Royal Mail has taken a £200mn hit from strikes as it races to restore customers’ faith in its services amid an ongoing dispute with postal workers and a damaging cyber attack.

The UK delivery group’s parent company, International Distribution Services, said on Thursday that 18 days of staff walkouts pushed it to a £295mn adjusted operating loss during the nine months to December.

It has also restarted deliveries of parcels overseas more than a fortnight after a cyber attack crippled its international services.

The financial blow comes after bumper profits during the Covid-19 pandemic thanks to a boom in online orders.

It warned of losses between £350mn and £450mn for the full year, which could deepen if there is further strike action.

Alexander Irving, an analyst at Bernstein, said that these forecasts appeared “overly optimistic”, with industrial action likely to continue.

Management remains locked in a bitter dispute with the Communication Workers Union over pay and employment terms about half a year after postal workers first voted to go on strike.

Jenny Hall, Royal Mail’s director of corporate affairs, said the two sides “didn’t make the progress needed” during a second round of intensive talks that were supposed to end last Friday. Further talks are taking place, she said, but added the union was focused on securing a mandate for further strike action in a second ballot, with results to be declared next month.
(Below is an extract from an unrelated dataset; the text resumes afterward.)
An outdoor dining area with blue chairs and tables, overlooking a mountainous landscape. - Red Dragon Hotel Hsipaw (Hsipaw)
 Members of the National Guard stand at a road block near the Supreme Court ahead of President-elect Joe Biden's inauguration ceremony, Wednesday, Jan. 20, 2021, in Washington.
Meanwhile the company continues to grapple with the fallout from a cyber incident that shut down its foreign delivery service.

Although Royal Mail said it has found workarounds to restart its more expensive export services, the company is still asking customers not to post parcels abroad through its economy service. 

Royal Mail said it is targeting a return to profit during the financial year ending 2025, but warned that it will need to dispose of assets to generate positive cash flow this year. 

During the three months to December, as the group was hit by several strike days in the lead up to the peak Christmas period, the number of parcels it handled dropped 27 per cent to 321mn.